The reality is these officials and anyone who agrees with them have little meaningful power on this issue — occasional influence, perhaps, but certainly not power than can be reliably wielded. Paul's golf course chats with Trump may eke a win from time to time, but this is a lucky backchannel that can be dammed at any moment. It has no formal, institutional authority. This week's handwringing at Foreign Policy about the supposed ascendancy of "isolationism" on left and right alike is absurd, the foreign policy version of Tucker Carlson's bizarre claim of libertarian dominance of Washington. The main voices advocating greater restraint in American foreign affairs are not isolationist, and though they kick up quite a ruckus, they have little to no say over actual policy direction. How can anyone look at half a dozen wars and think we have an isolationism problem?
The Trump vs. Biden race only underlines this state of affairs. Neither will give us a foreign policy that can even plausibly be caricatured as isolationism, Trump's inane protectionism notwithstanding.
The president pays occasional lip service to ending "endless wars" and prioritizing diplomacy ("the greatest deals," in his parlance), but his better impulses are constantly overcome by his selfishness, short attention span, stupid militarism, and choice of counsel like Secretary of State Mike Pompeo. Trump has brought us closer to open conflict with China, squandered his chance for productive negotiations with North Korea, exacerbated tensions with Iran, and repeatedly recommitted to enabling Saudi war crimes. What few good foreign policy ideas he hits upon are almost always happenstance byproducts of service to his own political fortunes. He has yet to end a single war.
Biden and his running mate, Kamala Harris, are more conventional liberal interventionists than Trump, but the crucial assumption of intervention is same. There are a few points for war critics to like here, including Biden's vehement opposition to the Obama-era surge in Afghanistan, Harris's objection to U.S. involvement in Yemen, and their plan to rejoin the Iran nuclear deal. Biden pledges he'll "end the forever wars in Afghanistan and the Middle East," but, like Trump, lacks a specific plan to do so. Biden has no apparent interest in Pentagon cuts, has hired some markedly hawkish advisers (are all those neocons going to stick around, too?), and is trying to out-hawk Trump on China.

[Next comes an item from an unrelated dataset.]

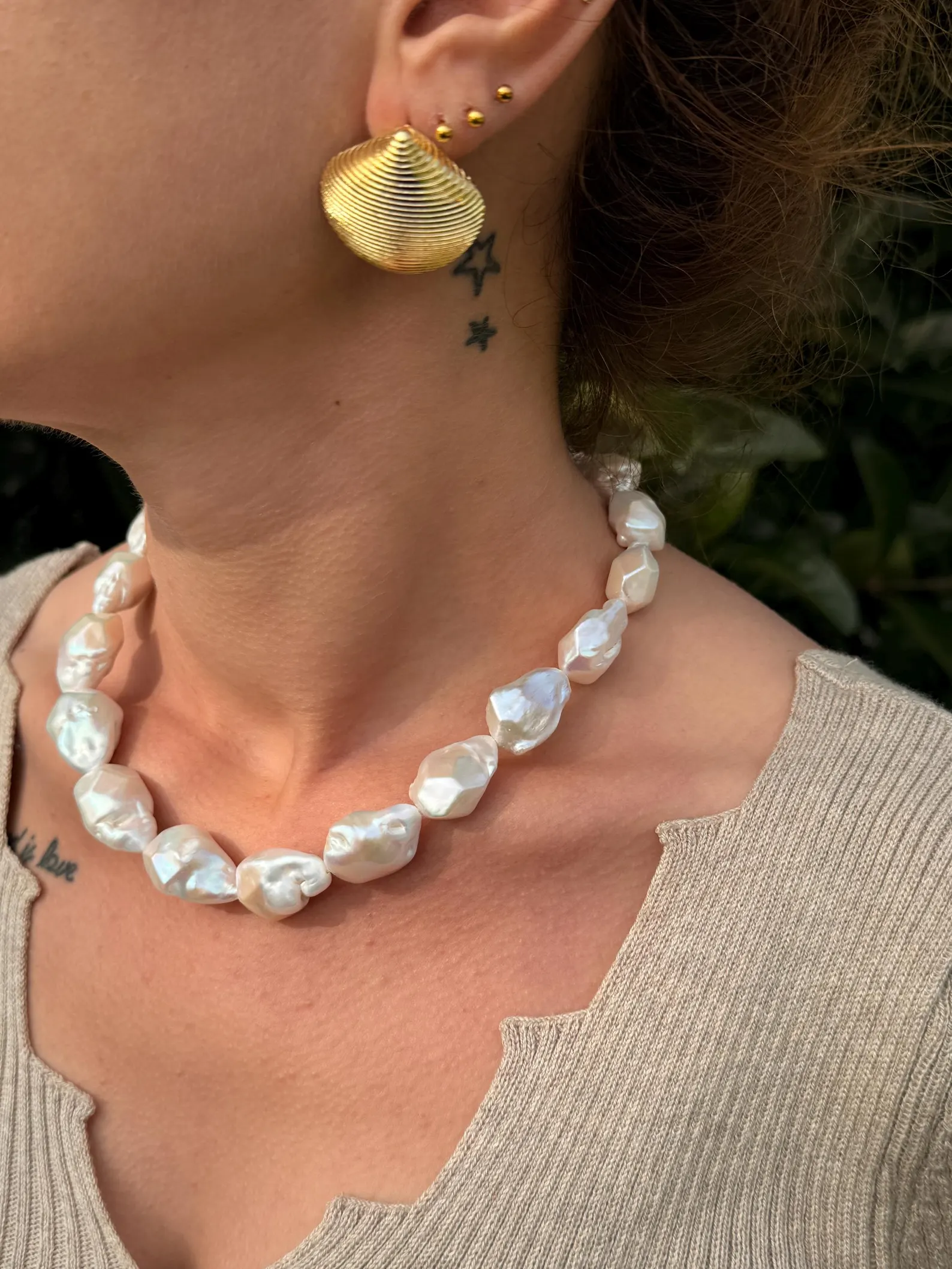 Elmas Kesim Büyük Beyaz Barok İnci Kolye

Certainly with Biden we can expect more multilateral diplomacy and fewer reckless tweets, but there's little reason to think he'll break the broader foreign policy patterns of the past 20 years.

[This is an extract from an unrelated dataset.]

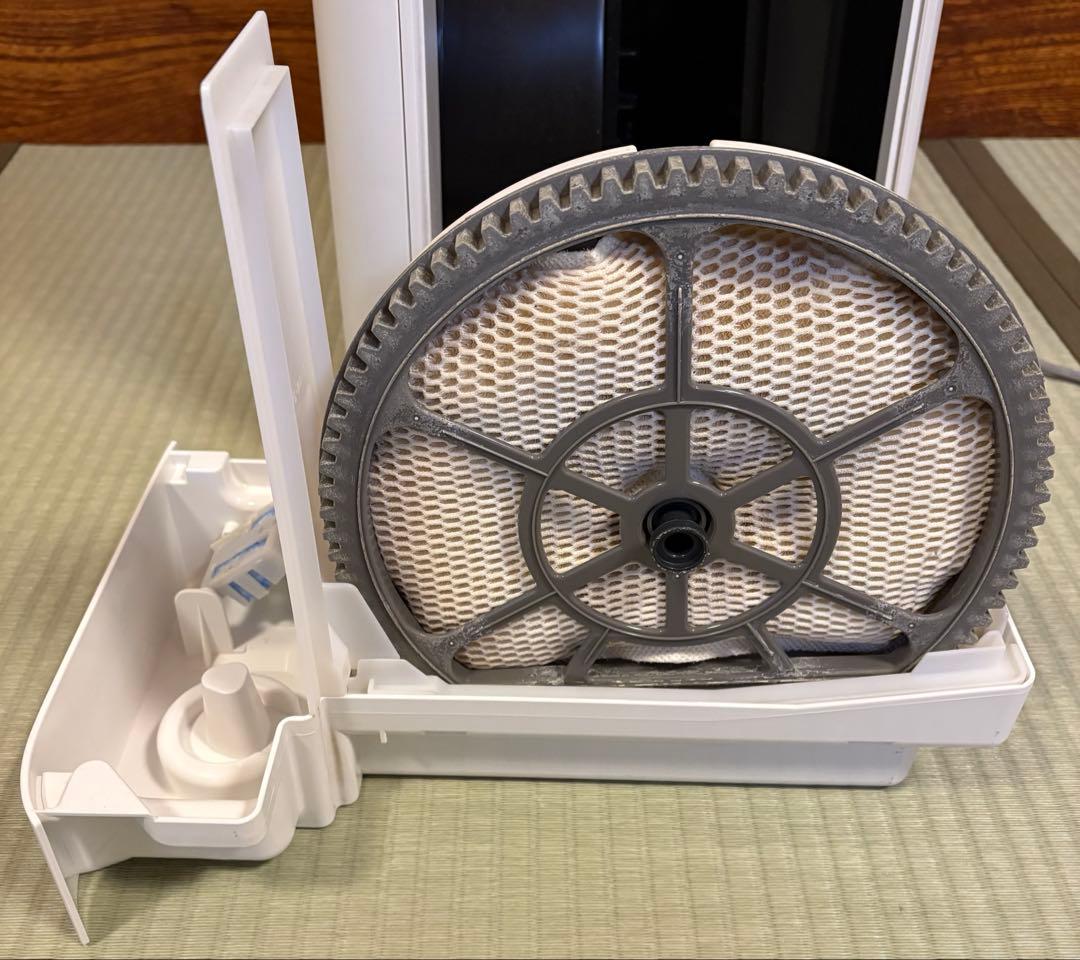 シャープ　KI-JS70-W 加湿空気清浄機　プラズマクラスター　花粉症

From a purely political perspective, what's curious about all this is the mutual foregoing of potential electoral gain. Restraint rhetoric is consistently popular — our last three presidents all campaigned on it to some degree — and public opinion is on a years-long trend toward wanting a smaller U.S. military role abroad, one more tailored to defending U.S. interests, narrowly conceived. You'd think one party or the other would espy an opportunity here.
Or perhaps both already have. Each candidate has duly recited his lines about ending endless wars and can truthfully point to his opponent's failure to do likewise. And whoever takes office in January can continue exactly that failure, probably without much political consequence. He can deplore his bombs and drop them too. Americans will remain preoccupied with more immediate domestic concerns; Washington will stay stuck in its interventionist consensus; and those endless wars will live up to their name.